Looming disaster for Zim agriculture
EDITORIAL COMMENT
REVELATIONS that there has been a 55% drop in tobacco seed sales can only mean one thing: Disaster is looming for the country in the forthcoming summer cropping season.
Agriculture is one sector that is so delicate that any slipup in terms of planning and preparation spells doom.
Since year 2000, this is one of the lessons that the country, at large, has failed to learn and season after season has been a complete disaster; and has seen citizens of the once breadbasket of Africa perennially going hungry for the past two decades.
Without the requisite inputs, farming is a waste of time.
Revealing why the tobacco farmers are failing to adequately prepare, the Zimbabwe Tobacco Association chief executive Rodney Ambrose said: “Poor prices (at the auction floors) are said to have affected the preparations of seedbeds for the coming crop.
These seedbeds should have been planted in June, but many growers were not in a good enough financial position to start the process. So, more bad news might be on the way. We sincerely hope seed sales and farmers’ crop preparations improve in the next month.”
Hopeful, yes we will remain, but this might just be hoping against hope because a month behind schedule means that the tobacco crop risks failing to properly mature, given the unpredictable weather patterns the region has been experiencing at a time when talk of irrigation is just a pipe dream.
We shudder to imagine what lies ahead for Zimbabwe if tobacco farmers, who have at least managed to harvest something for sale, have not been able to adequately prepare for the next cropping season. What does the next season hold for the other farmers engaged in other crops such as maize, who hardly harvested anything last season following a devastating drought?

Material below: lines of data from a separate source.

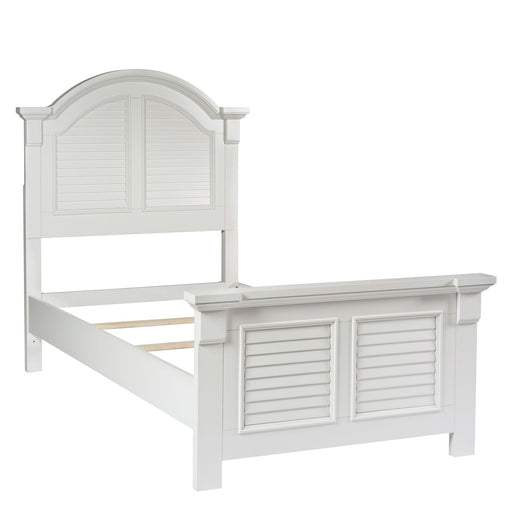 Summer House Twin Panel Bed - homePLUS (Binghamton, NY)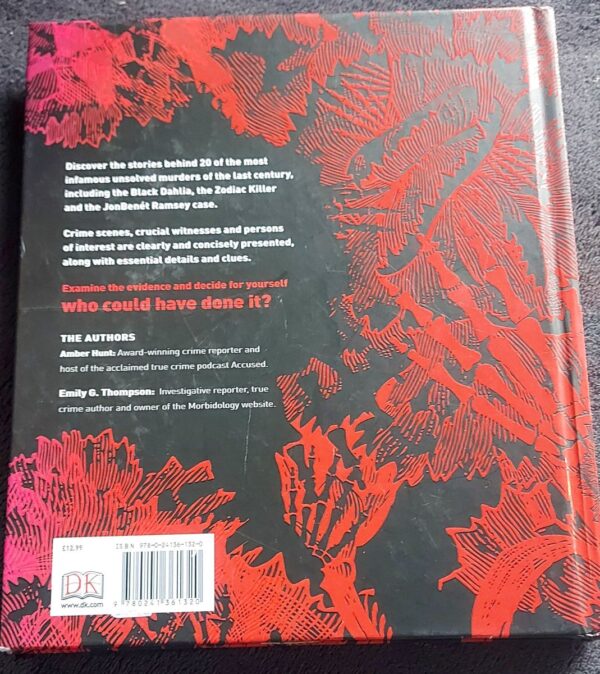 Unsolved Murders - Amber Hunt & Emily G. Thompson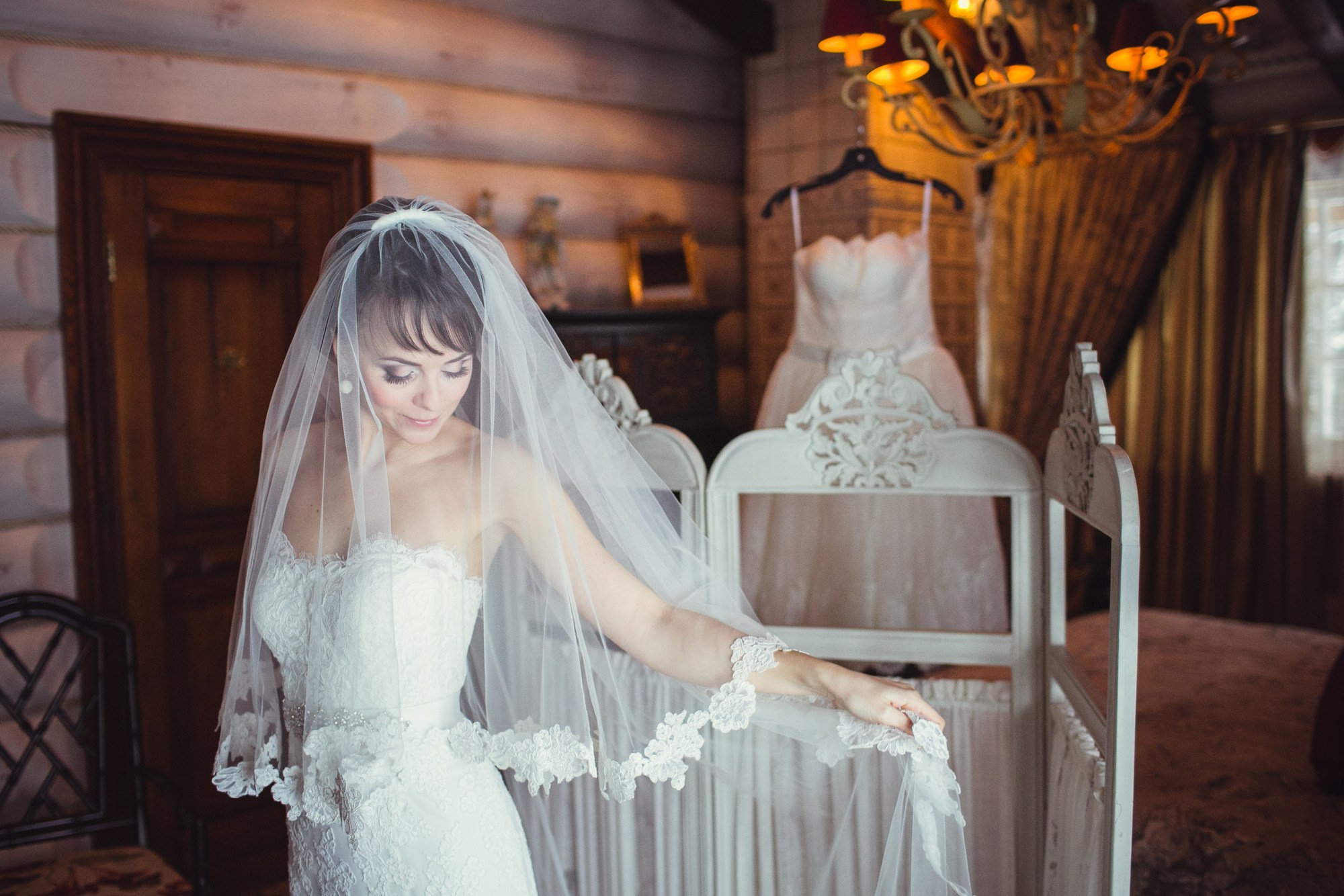 Зимняя свадьба в русских традициях. Семейный, портретный и свадебный фотограф в Санкт-Петербурге и Москве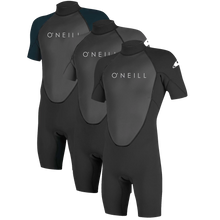 Load image into Gallery viewer, O&#39;Neill 2mm Reactor-2 Back Zip Men&#39;s Spring Suit
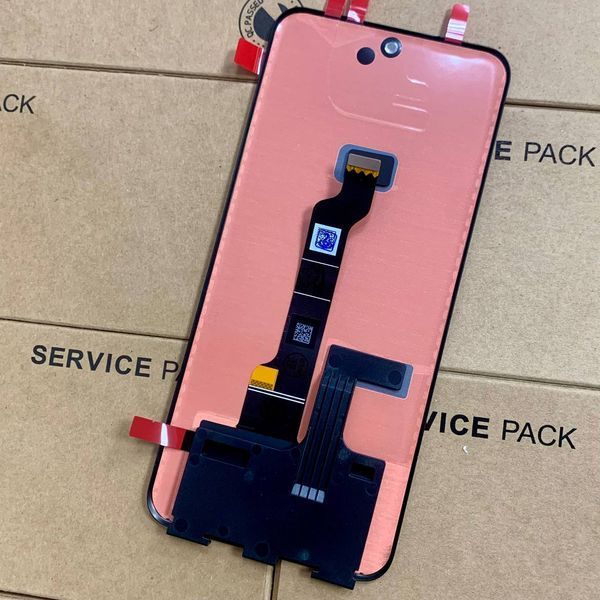 Дисплей для Huawei Honor 200 з чорним тачскріном, Original (China) 9860811 фото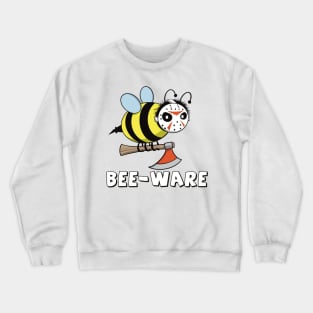 Bee-Ware Crewneck Sweatshirt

And once again, like a curse that refuses to go away, indications are that the country faces hunger next year. Why? The reason is simply because farmers are incapacitated to go back to the field. Tobacco farmers were offered peanuts for their crop and other farmers, especially for maize, did not harvest enough to sell to raise sufficient capital for inputs. Besides, the country’s cash crisis has moved several gears up for the farmers after government banned the use of foreign currencies at a time the local currency has continued to weaken against the hard currencies.
To make matters worse, monetary authorities in the country tell us that they have tightened their belts and drastically cut back on government spending, which means farmers should not expect any freebies such as the presidential input scheme that they have relied on over the years, albeit the programme being a feeding trough for looters. We just hope that government is aware of the challenges confronting the farmers this coming season; otherwise disaster looms large.